The maximum number of messages can allocate and submit to GSI hardware 
is 16 (QCOM_GPI_MAX_NUM_MSGS) and to handle more messages beyond this 
need to unmap the processed messages.
If there is 200 messages or more in a transfer then we need to unmap the 
processed messages for handling all messages in a transfer.

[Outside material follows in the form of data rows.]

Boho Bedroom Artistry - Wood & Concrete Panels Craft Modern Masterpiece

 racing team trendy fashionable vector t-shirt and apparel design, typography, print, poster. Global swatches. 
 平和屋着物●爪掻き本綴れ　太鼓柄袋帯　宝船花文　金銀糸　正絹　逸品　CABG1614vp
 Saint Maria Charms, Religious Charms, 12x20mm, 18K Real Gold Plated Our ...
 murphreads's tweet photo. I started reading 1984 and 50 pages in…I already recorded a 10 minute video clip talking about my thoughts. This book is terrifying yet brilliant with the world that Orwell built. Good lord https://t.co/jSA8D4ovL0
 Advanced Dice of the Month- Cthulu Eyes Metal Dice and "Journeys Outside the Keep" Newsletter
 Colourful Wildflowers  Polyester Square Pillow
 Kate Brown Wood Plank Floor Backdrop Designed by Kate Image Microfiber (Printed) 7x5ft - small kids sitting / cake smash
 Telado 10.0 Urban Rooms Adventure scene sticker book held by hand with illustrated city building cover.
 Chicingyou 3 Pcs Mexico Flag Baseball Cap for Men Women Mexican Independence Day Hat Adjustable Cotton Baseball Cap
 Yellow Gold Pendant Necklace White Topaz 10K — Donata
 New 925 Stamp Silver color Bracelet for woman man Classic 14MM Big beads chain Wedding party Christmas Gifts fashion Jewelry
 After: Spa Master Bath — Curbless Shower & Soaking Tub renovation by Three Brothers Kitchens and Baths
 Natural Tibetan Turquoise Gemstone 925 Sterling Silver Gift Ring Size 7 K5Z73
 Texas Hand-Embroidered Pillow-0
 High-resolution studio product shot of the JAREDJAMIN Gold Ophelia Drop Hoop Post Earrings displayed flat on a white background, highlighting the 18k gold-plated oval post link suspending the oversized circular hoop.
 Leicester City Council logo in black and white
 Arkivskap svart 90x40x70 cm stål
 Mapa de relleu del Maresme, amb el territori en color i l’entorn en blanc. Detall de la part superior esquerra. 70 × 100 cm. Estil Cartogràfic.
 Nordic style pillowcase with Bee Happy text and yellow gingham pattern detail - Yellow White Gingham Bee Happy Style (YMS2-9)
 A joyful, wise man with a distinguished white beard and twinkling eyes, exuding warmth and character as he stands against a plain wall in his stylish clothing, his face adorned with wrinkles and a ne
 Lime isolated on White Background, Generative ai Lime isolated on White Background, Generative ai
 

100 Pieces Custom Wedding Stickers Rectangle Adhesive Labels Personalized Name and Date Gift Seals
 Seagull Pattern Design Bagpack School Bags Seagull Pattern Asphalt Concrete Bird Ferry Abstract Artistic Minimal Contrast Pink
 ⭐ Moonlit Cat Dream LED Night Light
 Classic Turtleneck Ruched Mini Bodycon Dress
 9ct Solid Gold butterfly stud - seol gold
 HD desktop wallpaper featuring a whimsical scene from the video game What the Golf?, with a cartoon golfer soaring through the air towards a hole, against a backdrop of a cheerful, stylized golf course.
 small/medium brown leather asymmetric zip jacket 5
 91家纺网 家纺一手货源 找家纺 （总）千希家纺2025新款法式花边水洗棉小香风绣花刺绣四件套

So, instead of Unmap all messages together, here unmapping the chunk of 
messages.

> 
>> +	 */
>> +	if (gi2c->err)
>> +		msg_xfer_cnt = tx_multi_xfer->msg_idx_cnt;
>> +	else
>> +		msg_xfer_cnt = tx_multi_xfer->irq_cnt * NUM_MSGS_PER_IRQ;
>> +
>> +	/* Unmap the processed DMA buffers based on the received interrupt count */
>> +	for (; tx_multi_xfer->unmap_msg_cnt < msg_xfer_cnt; tx_multi_xfer->unmap_msg_cnt++) {
>> +		if (tx_multi_xfer->unmap_msg_cnt == gi2c->num_msgs)
>> +			break;
>> +		wr_idx = tx_multi_xfer->unmap_msg_cnt % QCOM_GPI_MAX_NUM_MSGS;
>> +		geni_i2c_gpi_unmap(gi2c, &msgs[tx_multi_xfer->unmap_msg_cnt],
>> +				   tx_multi_xfer->dma_buf[wr_idx],
>> +				   tx_multi_xfer->dma_addr[wr_idx],
>> +				   NULL, (dma_addr_t)NULL);
>> +		tx_multi_xfer->freed_msg_cnt++;
>> +	}
>> +}
>> +
>> +static int geni_i2c_gpi(struct geni_i2c_dev *gi2c, struct i2c_msg msgs[],
>>   			struct dma_slave_config *config, dma_addr_t *dma_addr_p,
>>   			void **buf, unsigned int op, struct dma_chan *dma_chan)
>>   {
>> @@ -538,26 +592,48 @@ static int geni_i2c_gpi(struct geni_i2c_dev *gi2c, struct i2c_msg *msg,
>>   	enum dma_transfer_direction dma_dirn;
>>   	struct dma_async_tx_descriptor *desc;
>>   	int ret;
>> +	struct gpi_multi_xfer *gi2c_gpi_xfer;
>> +	dma_cookie_t cookie;
>> +	u32 msg_idx;
>>   
>>   	peripheral = config->peripheral_config;
>> -
>> -	dma_buf = i2c_get_dma_safe_msg_buf(msg, 1);
>> -	if (!dma_buf)
>> -		return -ENOMEM;
>> +	gi2c_gpi_xfer = &peripheral->multi_xfer;
>> +	dma_buf = gi2c_gpi_xfer->dma_buf[gi2c_gpi_xfer->buf_idx];
>> +	addr = gi2c_gpi_xfer->dma_addr[gi2c_gpi_xfer->buf_idx];
>> +	msg_idx = gi2c_gpi_xfer->msg_idx_cnt;
>> +
>> +	dma_buf = i2c_get_dma_safe_msg_buf(&msgs[msg_idx], 1);
>> +	if (!dma_buf) {
>> +		ret = -ENOMEM;
>> +		goto out;
>> +	}
>>   
>>   	if (op == I2C_WRITE)
>>   		map_dirn = DMA_TO_DEVICE;
>>   	else
>>   		map_dirn = DMA_FROM_DEVICE;
>>   
>> -	addr = dma_map_single(gi2c->se.dev->parent, dma_buf, msg->len, map_dirn);
>> +	addr = dma_map_single(gi2c->se.dev->parent, dma_buf,
>> +			      msgs[msg_idx].len, map_dirn);
>>   	if (dma_mapping_error(gi2c->se.dev->parent, addr)) {
>> -		i2c_put_dma_safe_msg_buf(dma_buf, msg, false);
>> -		return -ENOMEM;
>> +		i2c_put_dma_safe_msg_buf(dma_buf, &msgs[msg_idx], false);
>> +		ret = -ENOMEM;
>> +		goto out;
>> +	}
>> +
>> +	if (gi2c->is_tx_multi_xfer) {
>> +		if (((msg_idx + 1) % NUM_MSGS_PER_IRQ))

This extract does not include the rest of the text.